2. The Einstein 640 and small flash have somewhat similar operating characteristics. The higher the power level, the longer the flash duration. When looking at stopping motion, always look at the t.1 time (i.e. the length of time that 90% of the flash). This behaviour unique to the Einstein units (other studio flash units may also perform this way, but I am not aware of any. Other types of studio lights tend to have the shortest flash at maximum power and the length of the flash increases as the power output decreases.
The Einsteins have two operating modes; Action Mode and Color Mode. The Color Mode is what I normally use as it provides the most consistent colour temperature between shots. You can sacrifice a bit of colour temperature repeatability for a faster flash by using Action Mode. The only time the two modes give you identical results are at full power.
http://www.paulcbuff.com/e640.php
3. Small flash (speedlights) tend to have a maximum output that is an order of magnitude lower than studio flash. This means that speedlights are going to give you a lot less light output than studio flash. Your Einsteins have a maximum output of arond 640 W-s whereas a high end small flash is going to be in the range of 70 W-s.
4. Changing the shutter speed to a setting that is lower than the synch speed for your lights will have no impact on the amount of light from the flash that affects the image, but the longer the exposure the more the ambient light will come into play. As has been mentioned in previous posts, the colour temperature of the studio flash will be different from the ambient light from the stage lighting.
Note: This published synch speed applies to small flash only. Studio lights tend to fire more slowly and you might have to use a slightly slower shutter speed.
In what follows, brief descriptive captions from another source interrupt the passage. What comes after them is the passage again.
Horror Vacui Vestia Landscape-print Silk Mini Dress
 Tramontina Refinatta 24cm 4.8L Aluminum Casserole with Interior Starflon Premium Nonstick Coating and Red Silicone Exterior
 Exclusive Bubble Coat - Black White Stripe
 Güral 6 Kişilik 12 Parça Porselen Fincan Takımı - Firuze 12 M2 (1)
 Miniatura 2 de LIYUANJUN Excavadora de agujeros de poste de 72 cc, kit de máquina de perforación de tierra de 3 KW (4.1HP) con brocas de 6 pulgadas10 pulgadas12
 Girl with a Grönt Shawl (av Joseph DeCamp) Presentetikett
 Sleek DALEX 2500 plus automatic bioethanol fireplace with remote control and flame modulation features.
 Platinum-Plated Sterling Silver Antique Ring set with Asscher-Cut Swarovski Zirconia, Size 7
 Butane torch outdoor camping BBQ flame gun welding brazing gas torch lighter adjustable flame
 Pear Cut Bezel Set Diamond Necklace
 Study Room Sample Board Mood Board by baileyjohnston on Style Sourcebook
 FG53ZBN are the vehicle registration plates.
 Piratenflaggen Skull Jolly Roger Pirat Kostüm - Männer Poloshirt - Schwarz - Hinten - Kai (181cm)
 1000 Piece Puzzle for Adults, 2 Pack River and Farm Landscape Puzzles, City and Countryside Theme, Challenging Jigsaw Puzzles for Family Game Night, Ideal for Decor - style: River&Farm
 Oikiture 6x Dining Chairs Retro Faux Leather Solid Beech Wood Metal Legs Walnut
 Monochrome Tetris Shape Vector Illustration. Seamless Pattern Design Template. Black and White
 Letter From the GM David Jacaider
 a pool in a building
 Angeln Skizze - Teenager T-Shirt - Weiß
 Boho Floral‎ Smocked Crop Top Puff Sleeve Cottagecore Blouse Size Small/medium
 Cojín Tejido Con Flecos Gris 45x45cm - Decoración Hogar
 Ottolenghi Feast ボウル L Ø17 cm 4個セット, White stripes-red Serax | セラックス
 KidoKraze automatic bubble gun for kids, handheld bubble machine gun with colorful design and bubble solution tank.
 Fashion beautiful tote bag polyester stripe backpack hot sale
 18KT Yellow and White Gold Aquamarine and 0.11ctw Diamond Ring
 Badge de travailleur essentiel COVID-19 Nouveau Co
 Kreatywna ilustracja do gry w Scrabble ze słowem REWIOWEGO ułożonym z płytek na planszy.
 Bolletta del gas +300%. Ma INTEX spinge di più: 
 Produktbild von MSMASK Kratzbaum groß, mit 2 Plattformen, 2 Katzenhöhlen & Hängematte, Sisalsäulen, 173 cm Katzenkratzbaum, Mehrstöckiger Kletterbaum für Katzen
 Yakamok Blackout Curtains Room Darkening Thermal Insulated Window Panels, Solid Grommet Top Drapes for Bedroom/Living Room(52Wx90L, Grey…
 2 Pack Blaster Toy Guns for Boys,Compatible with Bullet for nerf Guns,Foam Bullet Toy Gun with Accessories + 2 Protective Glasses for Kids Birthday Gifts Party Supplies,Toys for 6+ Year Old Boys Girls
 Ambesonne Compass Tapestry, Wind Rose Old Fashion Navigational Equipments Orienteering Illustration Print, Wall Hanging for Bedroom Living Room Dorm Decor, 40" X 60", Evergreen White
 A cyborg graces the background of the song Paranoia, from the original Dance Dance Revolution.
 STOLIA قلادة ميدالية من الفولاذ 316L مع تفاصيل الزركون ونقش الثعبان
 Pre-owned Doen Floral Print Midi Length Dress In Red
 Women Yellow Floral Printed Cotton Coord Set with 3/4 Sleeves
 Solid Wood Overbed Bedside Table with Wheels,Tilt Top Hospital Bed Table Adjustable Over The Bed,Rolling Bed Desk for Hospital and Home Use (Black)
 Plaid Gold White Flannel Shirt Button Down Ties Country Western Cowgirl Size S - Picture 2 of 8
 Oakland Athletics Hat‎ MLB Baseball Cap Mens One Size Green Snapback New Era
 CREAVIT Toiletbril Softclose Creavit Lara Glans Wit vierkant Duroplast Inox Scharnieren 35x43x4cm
5. High speed synch (HSS) will cost you around two stops of light. I know PocketWizards suggests that you can use the Einsteins in a HSS mode. I have tried to do this with my units, but have not had any success. As Bill has noted in his reply, you will lose 2 stops of light in HSS mode. This mode seems to work well with my Nikon Speedlights.
6. If you are shooting with Einsteins, the best way to freeze your subjects would be to shoot at the highest speed at or just below the published synch speed of your camera + use the lowest power setting you can get away with. This will tend to push you to a wide aperture setting, so you will be dealing with a narrow Depth of Field (DoF).
Bill has gone over this in the other thread you posted in:
Shooting dancers in stage light or use flash? Or mix?
7. If you wish to check out the amount of impact that the ambient studio lighting has on your image, shoot the camera at the shutter speed / aperture setting / ISO that you plan to shoot at WITHOUT using any flash. That will show you the contribution that the ambient light makes on the image. If it is too much. either turn down the ambient lights or reduce the aperture until you get a black image.
8. Shooting mixed light can give you interesting images as the ambient light will give you a blurred image and the flash will freeze the dancer. Look at the front curtain / rear curtain (Nikon speak) or first curtain / second curtain (Canon speak, if I remember correctly), as this setting give you totally different looking results.